# cocoa butter expiration



## avalee (May 26, 2009)

Hi everyone!  I am very eager to get back to soaping. I am hoping to get the time to do it tonight.  It has been a loooong time and I just went down to the basement and grabbed my unrefined cocoa butter.  It smells great, but the expiration date on it was 6/11/2008.  I am devistated!  I really had my hopes set on making some cocoa butter soap and really hate the idea of throwing it all away..... what a waste.   
  ~anyone ever soaped with expired butters?
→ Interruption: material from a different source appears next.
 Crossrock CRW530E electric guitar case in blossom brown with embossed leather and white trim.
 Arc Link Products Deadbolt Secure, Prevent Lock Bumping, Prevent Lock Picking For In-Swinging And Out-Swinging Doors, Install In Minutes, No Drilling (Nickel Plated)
If so, what was your result?
TIA


----------



## Guest (May 26, 2009)

Bummer , is the soap just for you to use , if it smells okay I would try a small batch for personal use .

Kitn


----------



## carebear (May 26, 2009)

cocoa butter is very stable. unless it went through a lot of major temperature shifts then it's probably fine for now and for another year or two...


----------



## avalee (May 26, 2009)

Thank you both for the responses.  Kitn, it is just for personal use.  It smelled and looked fine, so I decided to give it a whirl.  I soaped Lovespell with it and it behaved as usual.  I am so happy to be soaping!!   Thanks for answering my question again, Carebear.


----------



## Guest (May 27, 2009)

There ya go , I love , lovespell .yummmmmm

Kitn


----------